EECS 281: Data Structures and Algorithms

Section 16 Minimum Spanning Trees

University of Michigan at Ann Arbor

Last Edit Date: 06/07/2023

Disclaimer and Term of Use:

We do not guarantee the accuracy and completeness of the summary content. Some of the course material may not be included, and some of the content in the summary may not be correct. You should use this file properly and legally. We are not responsible for any results from using this file

This personal note is adapted from Professor Marcus Darden and David Paoletti. Please contact us to delete this file if you think your rights have been violated.

This work is licensed under a Creative Commons Attribution 4.0 International License.

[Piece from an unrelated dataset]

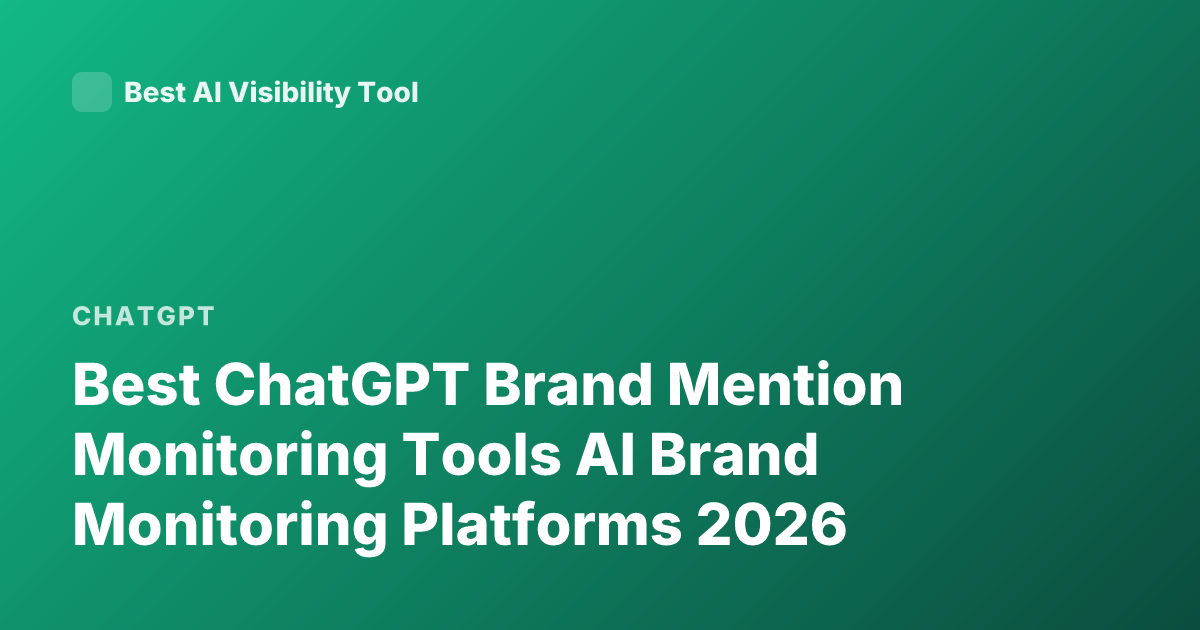 Best ChatGPT Brand Mention Monitoring Tools AI Brand Monitoring Platforms 2026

Minimum Spanning Trees Introduction¶

i. The Minimum Spanning Tree Problem

Given: edge-weighted, undirected graph $G = (V, E)$

Find: subgraph $T = (V, E')$, $E' \subseteq E$ such that

All vertices are pair-wise connected
The sum of all edge weights in T is minimal

See a cycle in T?

Remove edge with highest weight

Therefore, T must be a tree (no cycles)

Example: Data Centers Connection

ii. Create a MST

Minimum Spanning Tree (MST) if:
- All vertices are pair-wise connected
- The sum of all edge weights in T is minimal

Step 1	Step 2	Step 3

Pirm's Algorithm¶

Find MST on edge-weighted, connected, undirected graphs
Greedily select edges one by one and add to a growing sub-graph
Grows a tree from a single vertex

Steps to do Pirm's Algorithm:

Initializa a tree with a single vertex, chosen arbitarily from the graph
Grow the tree by one edge: of the edges that connect the tree to vertices not yet in the tree, find the minimum-weight edge, and add that vertex to the tree
Repeat step 2 (until all vertices are in the tree)

Given graph G = (V, E)
Start with 2 sets of vertices: 'innies' & 'outies'
'Innies' are visited nodes (initially empty)
'Outies' are not yet visited (initially V)
Select first innie arbitrarily (root of MST)
Repeat until no more outies
Choose outie (v') with smallest distance from any innie
Move v' from outies to innies
Implementation issue: use linear search or PQ?

Data Structures:

Three vectors
- Better: a vector of classes or structures!
For each vertex v, record:
- $k_v$: Has v been visited? (initially false for all $v \in V$)
- $d_v$: What is the minimal edge weight to v? (initially $\infty$ for all $v \in V$, except $v_r = 0$)
- $p_v$: What vertex precedes (is parent of) v? (initially unknown for all $v \in V$)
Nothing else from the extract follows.